Transcriptional changes upon overexpression of seven candidate miRNAs in human saphenous vein smooth muscle cells. [HSVSMC]

Proliferation of vascular smooth muscle cells (vSMCs) following injury is a crucial factor contributing to pathological vascular remodelling. MicroRNAs (miRNAs) are powerful gene regulators and attractive therapeutics agents. Here, we aim to systemically identify and characterise miRNAs with therapeutic potential in targeting aberrant vSMC proliferation. We performed a high-throughput in vitro screen using a library of 2042 human miRNA-mimics for their impact on VSMC proliferation and identified seven novel antiproliferative miRNAs i.e miR-1827, miR-4774-3p, miR-5681b, miR-449b-5p, miR-491-3p, miR-323a-3p, and miR-892b.Overexpression of these 7 miRNAs affects proliferation of vSMCs from different vascular beds. Focusing on vein graft failure, a condition in which miRNA based therapeutics can be applied to the graft ex-vivo, we showed that these miRNAs reduced human saphenous vein SMC (HSVSMC) proliferation without inducing apoptosis or senescence, and five of them also significantly decreased migration.We performed RNA sequencing on HSVSMC overexpressing each of these 7 miRNAs. This analysis showed that each miRNA overexpression affects a core cell cycle gene network. However, this effect is mediated by distinct miRNA targets. Overall design: After inducing quiescence by culturing the cells in 0.2% FBS for 48h, human saphenous vein smooth muscle cells were transfected with miRNA mimics of the 7 miRNA candidates for six hours (miR-1827, miR-4774-3p, miR-5681b, miR-449b-5p, miR-491-3p, miR-323a-3p, and miR-892b or mimic Control) then cultured in the presence of IL1a and PDGF-BB for 48h to promote a pro-proliferative phenotype. Three biological replicates were performed with each replicate corresponding to cells derived from different patients. RNA sequencing was performed on HSVSMCs treated with each mimic miRNA, a control mimic or the transfection reagent only. We also performed RNA-seq on quiescent cells and cells treated with IL1a+ PDGF-BB.

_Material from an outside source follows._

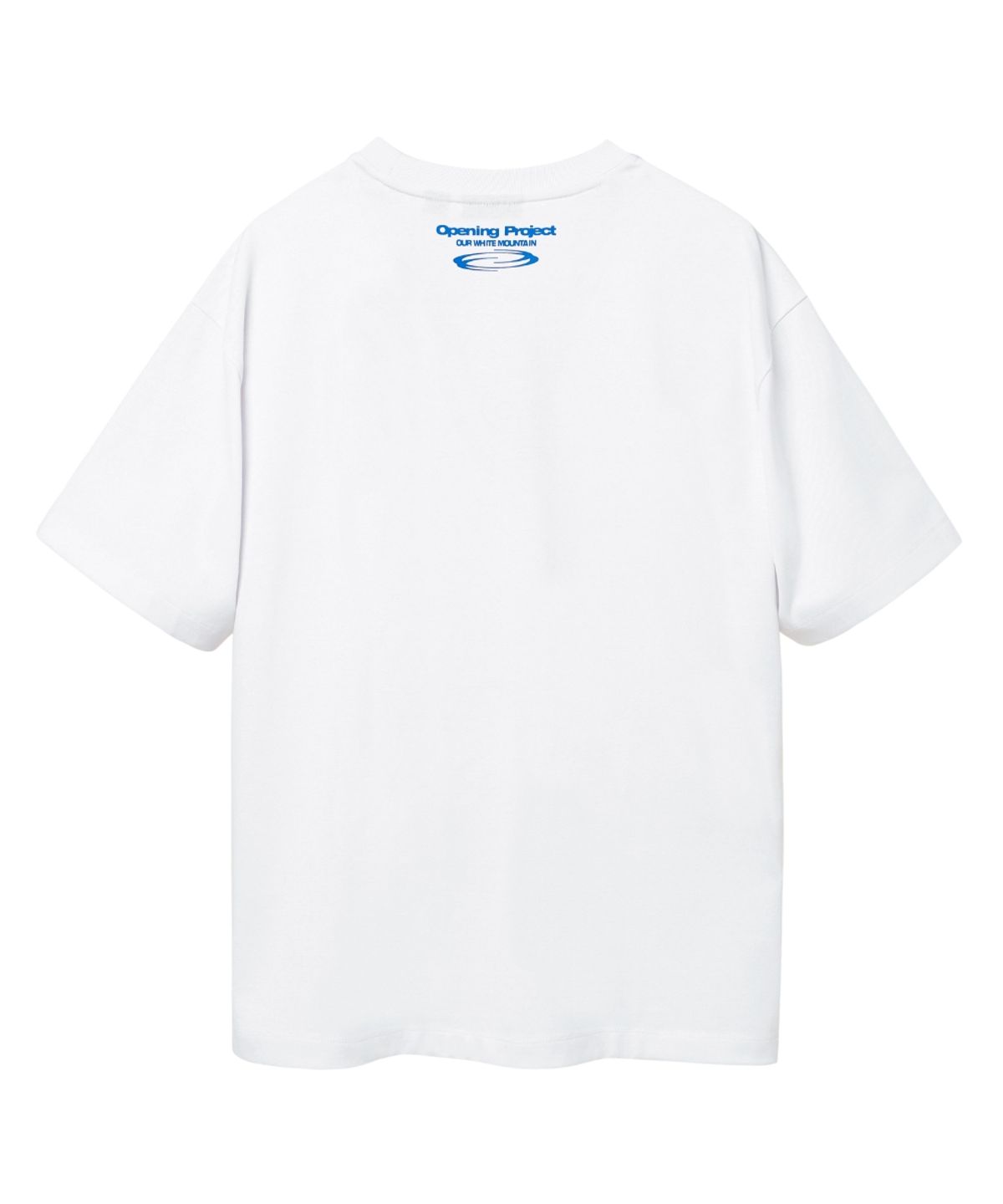 오프닝프로젝트(OPENING PROJECT) Identity T Shirt - White/Blue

血管平滑肌细胞（vascular smooth muscle cells, vSMCs）在损伤后的增殖是导致病理性血管重构的关键因素。微小核糖核酸（microRNAs, miRNAs）是一类强效的基因调控因子，亦是极具潜力的治疗试剂。本研究旨在系统性筛选并鉴定具备靶向异常vSMC增殖治疗潜力的miRNAs。我们利用包含2042个人类miRNA模拟物的文库开展高通量体外筛选，以检测其对VSMC增殖的影响，最终鉴定出7种新型抗增殖miRNAs，即miR-1827、miR-4774-3p、miR-5681b、miR-449b-5p、miR-491-3p、miR-323a-3p以及miR-892b。上述7种miRNAs的过表达可影响不同血管床来源的vSMC增殖。针对可通过离体应用miRNA疗法进行干预的静脉移植失败这一病症，我们证实这些miRNAs可抑制人大隐静脉平滑肌细胞（human saphenous vein smooth muscle cell, HSVSMC）的增殖，且不会诱导细胞凋亡或衰老；其中5种miRNAs还可显著降低细胞迁移能力。我们对过表达上述7种miRNAs的HSVSMC开展了RNA测序（RNA-seq）分析，结果显示每种miRNA的过表达均会影响核心细胞周期基因网络，但该效应通过不同的miRNA靶标介导。实验设计概述：将细胞于0.2%胎牛血清（fetal bovine serum, FBS）中培养48小时以诱导静息态后，使用7种候选miRNA模拟物（miR-1827、miR-4774-3p、miR-5681b、miR-449b-5p、miR-491-3p、miR-323a-3p、miR-892b）或阴性对照模拟物转染HSVSMC，转染时长为6小时；随后将细胞置于含IL-1α与血小板衍生生长因子BB（platelet-derived growth factor BB, PDGF-BB）的培养基中培养48小时，以诱导促增殖表型。本研究设置3次生物学重复，每一次重复均取自不同供体患者的细胞。我们对分别经各miRNA模拟物、阴性对照模拟物或仅转染试剂处理的HSVSMC开展了RNA-seq；此外，我们还对静息态细胞以及经IL-1α+PDGF-BB处理的细胞进行了RNA测序。